Intervention de Dominique Da Silva

Séance en hémicycle du mardi 28 septembre 2021 à 15h00
Ratification de l'ordonnance relative aux modalités de représentation des travailleurs indépendants recourant aux plateformes — Discussion générale

Photo issue du site de l'Assemblée nationale ou de WikipediaDominique Da Silva :

Ce projet de loi par voie d'ordonnance pose les bases d'un dialogue social entre les plateformes de mobilité et les travailleurs indépendants de VTC et de livraison. Nous sommes bien là pour accompagner le développement de ces deux secteurs dans l'intérêt du travail et des travailleurs d'abord. Notre objectif est bien de renforcer les droits des travailleurs indépendants qui recourent à ces plateformes. Le droit français ne reconnaît que deux statuts de travailleur : celui de salarié et celui d'indépendant. Ce dernier existe parce que des travailleurs choisissent d'être indépendants et recherchent l'autonomie dans leur activité professionnelle.

En commission, au nom du groupe La République en marche, j'ai défendu deux amendements qui ont été adoptés, afin d'apporter des précisions. Le premier réduit à douze mois le délai d'habilitation de l'ordonnance qui vient compléter les règles organisant le dialogue social avec les plateformes ; le second précise le rôle de médiation de l'ARPE en cas de suspension ou de rupture du contrat commercial à l'initiative de la plateforme. Il revient à la négociation collective de trouver la bonne solution et d'en fixer les justes moyens.

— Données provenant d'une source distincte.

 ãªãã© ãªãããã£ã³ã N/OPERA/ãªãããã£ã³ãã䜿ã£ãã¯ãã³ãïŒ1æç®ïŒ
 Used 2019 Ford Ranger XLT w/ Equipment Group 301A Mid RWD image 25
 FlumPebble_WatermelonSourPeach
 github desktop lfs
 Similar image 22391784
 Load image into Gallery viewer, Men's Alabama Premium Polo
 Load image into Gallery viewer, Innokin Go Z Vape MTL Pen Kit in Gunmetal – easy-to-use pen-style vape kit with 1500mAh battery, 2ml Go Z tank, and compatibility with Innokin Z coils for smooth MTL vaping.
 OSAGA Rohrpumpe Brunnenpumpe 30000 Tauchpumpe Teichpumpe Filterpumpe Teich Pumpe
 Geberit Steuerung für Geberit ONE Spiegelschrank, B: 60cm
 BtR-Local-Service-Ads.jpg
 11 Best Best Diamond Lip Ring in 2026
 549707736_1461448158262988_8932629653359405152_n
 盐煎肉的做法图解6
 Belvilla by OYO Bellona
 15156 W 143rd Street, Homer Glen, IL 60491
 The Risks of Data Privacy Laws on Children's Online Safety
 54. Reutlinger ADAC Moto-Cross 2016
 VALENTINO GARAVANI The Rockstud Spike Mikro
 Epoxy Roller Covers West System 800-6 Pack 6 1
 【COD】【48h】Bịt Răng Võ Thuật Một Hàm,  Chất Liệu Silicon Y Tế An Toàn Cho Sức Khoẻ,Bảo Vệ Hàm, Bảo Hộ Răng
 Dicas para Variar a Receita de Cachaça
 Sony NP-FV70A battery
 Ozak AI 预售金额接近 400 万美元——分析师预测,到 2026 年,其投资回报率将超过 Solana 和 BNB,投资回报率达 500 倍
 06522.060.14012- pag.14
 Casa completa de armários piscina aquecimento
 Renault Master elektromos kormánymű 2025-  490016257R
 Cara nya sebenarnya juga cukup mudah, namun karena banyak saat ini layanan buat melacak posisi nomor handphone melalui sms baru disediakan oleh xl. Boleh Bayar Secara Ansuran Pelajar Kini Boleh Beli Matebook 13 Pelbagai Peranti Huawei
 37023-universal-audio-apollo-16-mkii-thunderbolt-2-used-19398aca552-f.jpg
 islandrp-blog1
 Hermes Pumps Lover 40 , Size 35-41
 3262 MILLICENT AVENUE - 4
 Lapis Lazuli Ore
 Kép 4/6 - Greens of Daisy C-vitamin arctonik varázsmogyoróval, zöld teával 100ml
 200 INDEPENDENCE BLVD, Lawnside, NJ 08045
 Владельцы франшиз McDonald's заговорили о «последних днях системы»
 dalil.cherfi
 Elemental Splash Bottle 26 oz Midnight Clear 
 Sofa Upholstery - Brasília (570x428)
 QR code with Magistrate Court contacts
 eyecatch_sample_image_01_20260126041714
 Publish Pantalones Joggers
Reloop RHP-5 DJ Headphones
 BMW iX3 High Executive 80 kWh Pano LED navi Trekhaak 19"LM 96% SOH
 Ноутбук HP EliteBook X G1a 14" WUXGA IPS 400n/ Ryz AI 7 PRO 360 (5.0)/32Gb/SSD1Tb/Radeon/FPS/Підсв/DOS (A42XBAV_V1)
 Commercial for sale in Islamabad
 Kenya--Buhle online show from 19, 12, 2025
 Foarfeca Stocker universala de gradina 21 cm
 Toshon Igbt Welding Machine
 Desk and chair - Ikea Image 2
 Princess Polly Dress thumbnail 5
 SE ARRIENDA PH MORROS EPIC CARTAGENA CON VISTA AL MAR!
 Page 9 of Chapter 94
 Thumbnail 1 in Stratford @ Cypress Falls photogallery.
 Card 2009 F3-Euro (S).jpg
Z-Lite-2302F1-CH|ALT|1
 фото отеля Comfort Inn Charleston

Je défendrai à nouveau deux amendements du groupe La République en marche visant à renforcer l'autonomie des travailleurs indépendants, par exemple la liberté de choisir l'itinéraire et le matériel utilisé pour répondre à la prestation de service. Ces travailleurs doivent également pouvoir choisir de manière plus éclairée d'accepter ou de refuser la prestation qui leur est proposée. Ils disposeraient ainsi d'une information plus complète, avec un délai raisonnable pour se prononcer sur la course.

Nous devons reconnaître le rôle des plateformes dans l'économie et dans notre vie quotidienne. Elles créent des emplois nouveaux et aident bon nombre de personnes à entrer sur le marché du travail, notamment celles pour lesquelles l'accès à l'emploi est difficile et auxquelles on ne propose pas un emploi salarié aussi facilement que certains le prétendent.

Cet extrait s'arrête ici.